I am about to release a new shirt pattern that has a front placket detail so I wanted to do a tutorial on how to insert a placket.
I have used white thread intentionally in this tutorial so it is easier to see my stitches. Ordinarily I would match the thread to my fabric so that the stitches would be hardly noticeable.
On the FRONT reinforce the inner corners of 'V' neckline by stay stitching along seamlines, pivoting at small circles.
Apply interfacing to left and right plackets.
Pin left placket to left placket facing.
Stitch 1/4" along placket edge. This would also be a good time to finish the edge of the lower edge of the left placket and facing. If you forget, which I did in this tutorial, you can finish it later, but it is easier if you do this now!!
Using a tailors point presser/clapper will help a lot with pressing the plackets.
Press seam open.
Bring wrong sides together and press.
Pin placket to left side of V neckline, matching circles.
Stitch 1/4" seam, ending at circle. Back-stitch. Clip shirt fabric ONLY diagonally to your stitches. Press seam towards facing.
Turn facing to inside of shirt. Fold long raw edge of facing along seam line (1/4"). The next step requires us to stitch the facing into place by stitching 'in the ditch' created by the seam. Pin facing in place, being sure to catch the edge of the facing.
Notice that my pins 'catch' the facing on the inside.
'Stitch in the ditch' from the right side to circle.
Do not backstitch. (This is personal preference, but I think it looks cleaner if you eliminate back stitches on the right side of the shirt.) Pull the thread to the back of your shirt and tie off. Leave the ends and bury them into the placket later.
See how my stitches 'caught' the edge of the placket facing. This will hold the facing in place and finishes the edge at the same time.
I did my stitching in WHITE so that you can see how my stitches are in the 'ditch' created by the seam. If my thread matched the fabric ground color you would hardly notice them. It gives a very clean and professional look. (Alternatively you could edge-stitch or top-stitch on the facing if you prefer, but I prefer the 'stitch in the ditch' method.)
Pin right placket to the right placket facing.
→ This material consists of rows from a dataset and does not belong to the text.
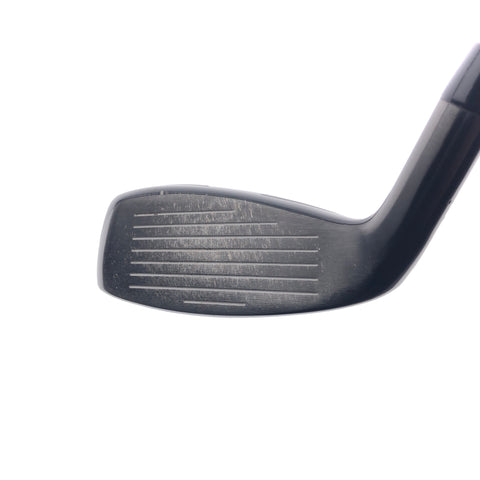 Used Callaway Rogue 4 Hybrid / 21 Degrees / Regular Flex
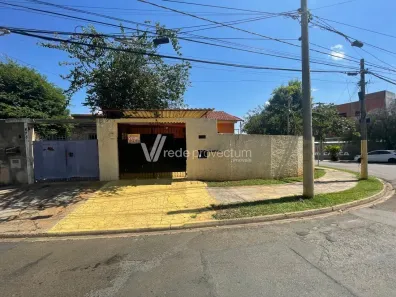 Casa com 2 Quartos à venda, 166m² no Jardim dos Oliveiras, Campinas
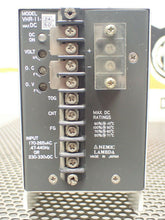 Load image into Gallery viewer, Lambda Lambda VHR-11-24V 5.0A Power Supply See All Pics Used With Warranty
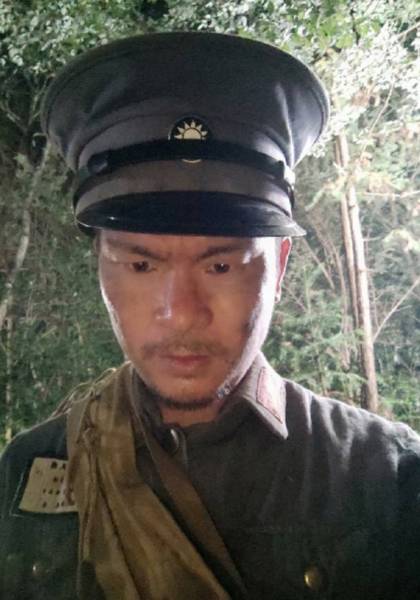 推荐艺人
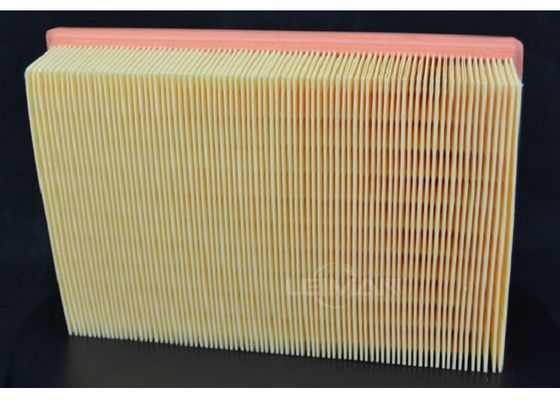 6C169601AA 10000 Km-Houtpulpcomité de Filter van de Compressorlucht voor Toyota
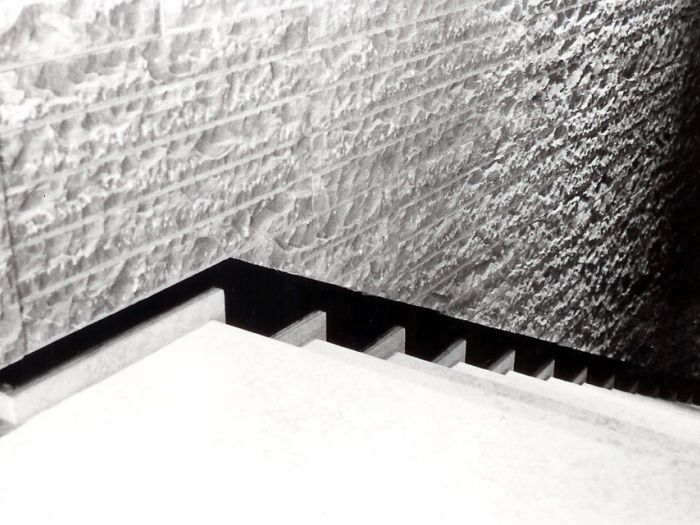 Archisio - Fabio Nassuato - Progetto Teatro da ponte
Stitch 1/4" along the placket edge, pivot at circle, and stitch along the bottom and up the other side to the circle. Back-stitch.
Trim the corners.
I use the tailor point presser to help me press the seams open.
Turn the placket so wrong sides are together, and press. This finished bottom edge of the right placket will create a 'tab' once applied to the shirt front.
Pin placket to the right V neckline matching circles.
Stitch to the circle. This will require you to open up the lower end of the placket as you near the circle. Back-stitch.
Clip shirt fabric ONLY diagonally to your stitches. Press the seam towards the placket. Turn facing to inside of shirt. Fold long raw edge of facing along seam line (1/4"). The next step requires us to stitch the facing into place by stitching 'in the ditch' created by the seam. Pin facing in place, being sure to catch the edge of the facing.
See how my pins catch the edge of the facing on the inside.
'Stitch in the ditch' from the outside to the circle.
Do not back stitch. Pull your threads to the wrong side and tie the ends. Leave the ends and bury them into the placket later.
My white stitches show here, however, when you 'stitch in the ditch' the stitches practically disappear if the thread color matches the fabric.
On the wrong side, notice how the stitches caught the edge of the facing to hold it in place.
After clipping the shirt diagonally to the circles on both the left and right corners of the placket, it leaves a little 'flap' of fabric along the bottom of the 'V' neckline. Tuck this flap along the stay-stitching to the inside of the shirt.
The bottom edge of the left placket should also be on the inside of the shirt.
The pin is pointing to the little 'flap' of fabric that I have folded to the wrong side.
The left placket overlaps this flap.
With the right side up, place the right placket over the left placket, with the finished bottom edge of the right placket on the right side of the shirt front. Pin the right placket in place, through all layers, placing your pins 'just' below the stay-stitching line, being sure to catch the small flap of fabric of the V neckline, and the left placket.
Stitch through all layers. Do not back-stitch. Pull threads through to the wrong side and tie off.
Using a sewing needle, I bury the ends into the inside layers of the placket, and then clip.
I ran the bottom raw edge of the left placket through my serger being VERY careful not to cut my shirt fabric by mistake. I did this now because I forgot to finish the edge earlier. It is easier if you finish the edge in the earlier step, but it can be done now as well, if you forget too.
This is what the placket will look like when one side is folded down.